▶ PROBLEM STATEMENT:
Return the listing below exactly as it stands. Pictures stay out.
--- SUPPLIED MATERIAL Enclosed Below ---
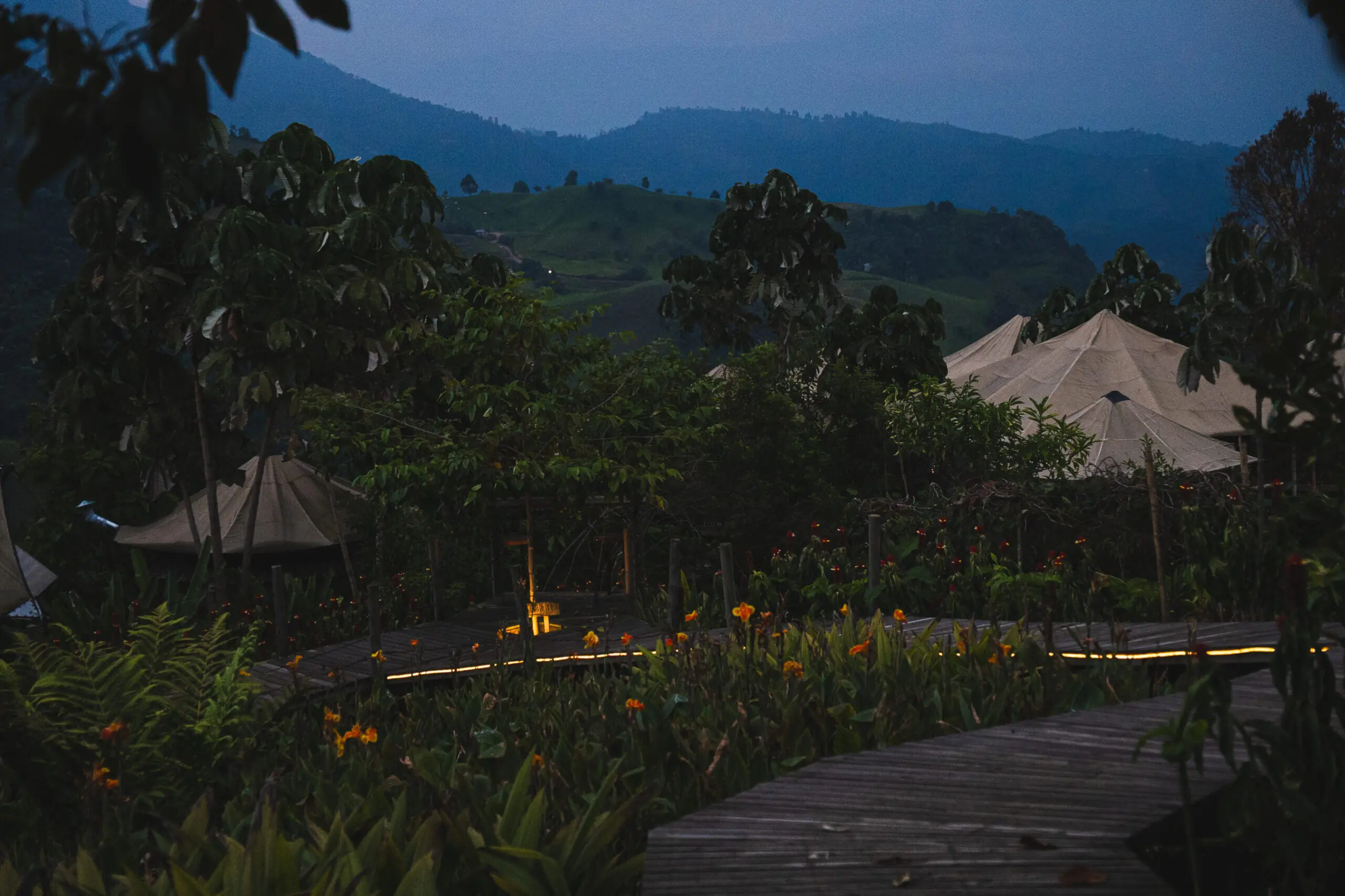 Pathway leading through a garden with distant mountains under a dusky sky.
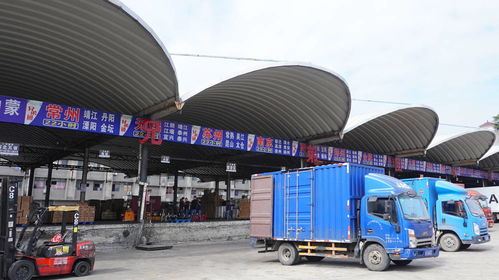 簽約兄弟團物流，快運兔運力再升級，攜手共拓國內貨運代理新版圖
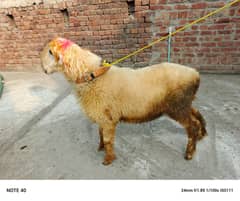 desi chatra / Goat / Bakra / Chatra | mundra | sheep | Kajla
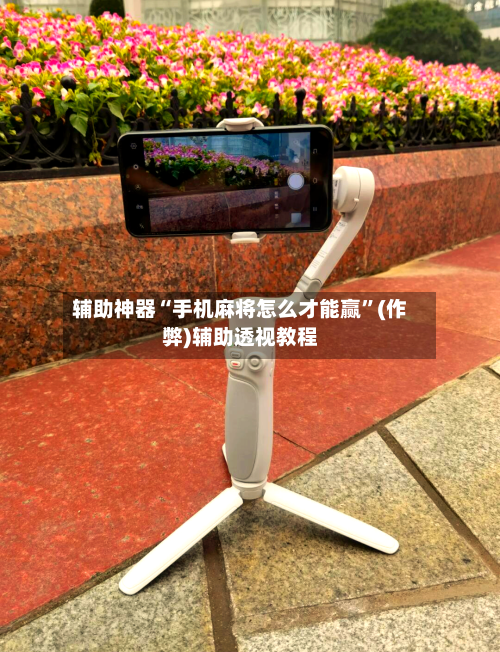 辅助神器“手机麻将怎么才能赢”(作弊)辅助透视教程-第2张图片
--- End of Enclosed SUPPLIED MATERIAL ---
▶ THE COMPLETED TASK:
 Pathway leading through a garden with distant mountains under a dusky sky.
 簽約兄弟團物流，快運兔運力再升級，攜手共拓國內貨運代理新版圖
 desi chatra / Goat / Bakra / Chatra | mundra | sheep | Kajla
 辅助神器“手机麻将怎么才能赢”(作弊)辅助透视教程-第2张图片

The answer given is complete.